[Exercise prompt] The listing below is to be given again in full and word for word, without its images.

[Dataset section]
= Beginning of Section =
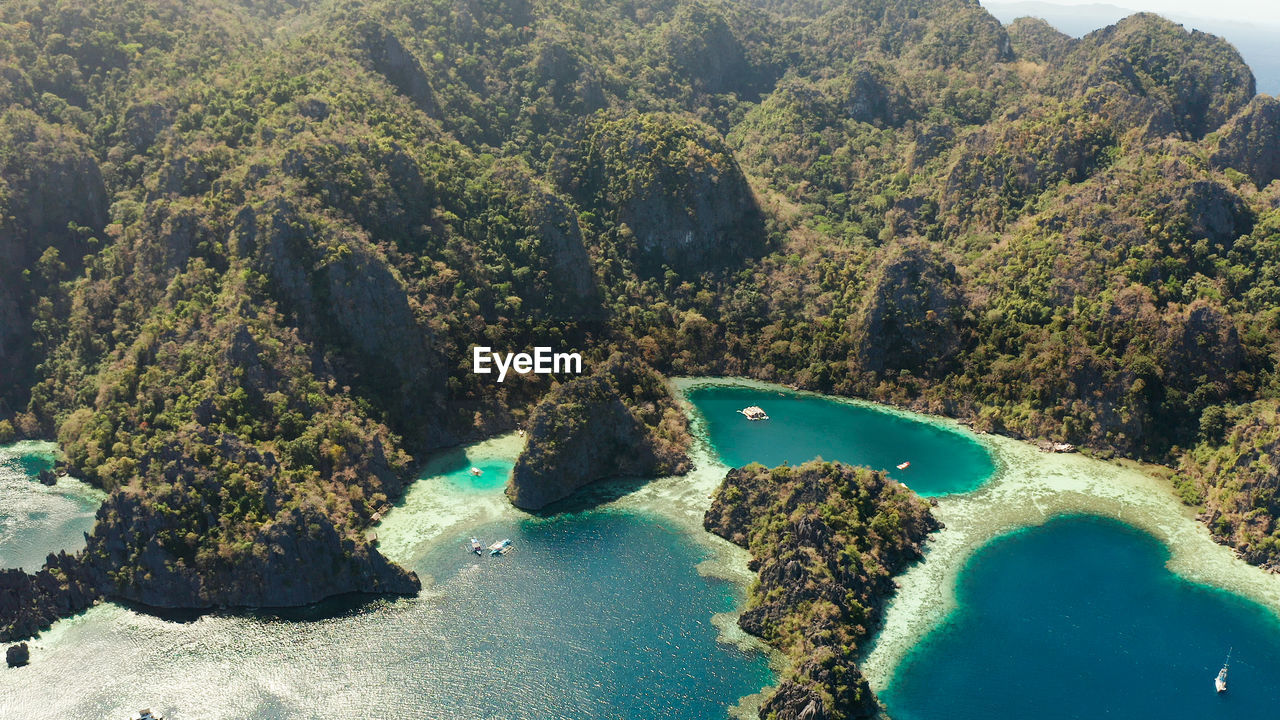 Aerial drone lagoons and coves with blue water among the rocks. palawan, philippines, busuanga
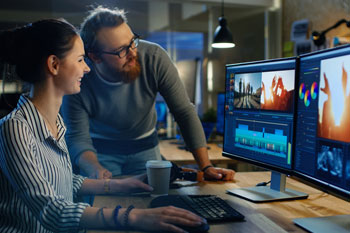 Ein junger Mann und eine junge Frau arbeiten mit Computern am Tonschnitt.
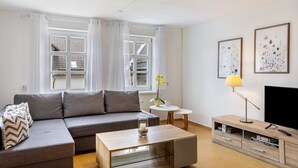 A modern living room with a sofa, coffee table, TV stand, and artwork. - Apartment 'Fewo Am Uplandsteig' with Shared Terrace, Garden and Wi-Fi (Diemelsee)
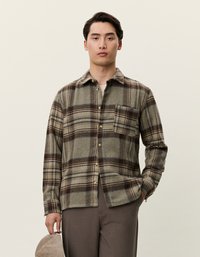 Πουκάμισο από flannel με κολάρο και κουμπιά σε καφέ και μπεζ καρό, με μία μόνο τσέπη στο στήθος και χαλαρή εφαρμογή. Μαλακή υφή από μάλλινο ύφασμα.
= End of Section =
[Reply to the task]
 Aerial drone lagoons and coves with blue water among the rocks. palawan, philippines, busuanga
 Ein junger Mann und eine junge Frau arbeiten mit Computern am Tonschnitt.
 A modern living room with a sofa, coffee table, TV stand, and artwork. - Apartment 'Fewo Am Uplandsteig' with Shared Terrace, Garden and Wi-Fi (Diemelsee)
 Πουκάμισο από flannel με κολάρο και κουμπιά σε καφέ και μπεζ καρό, με μία μόνο τσέπη στο στήθος και χαλαρή εφαρμογή. Μαλακή υφή από μάλλινο ύφασμα.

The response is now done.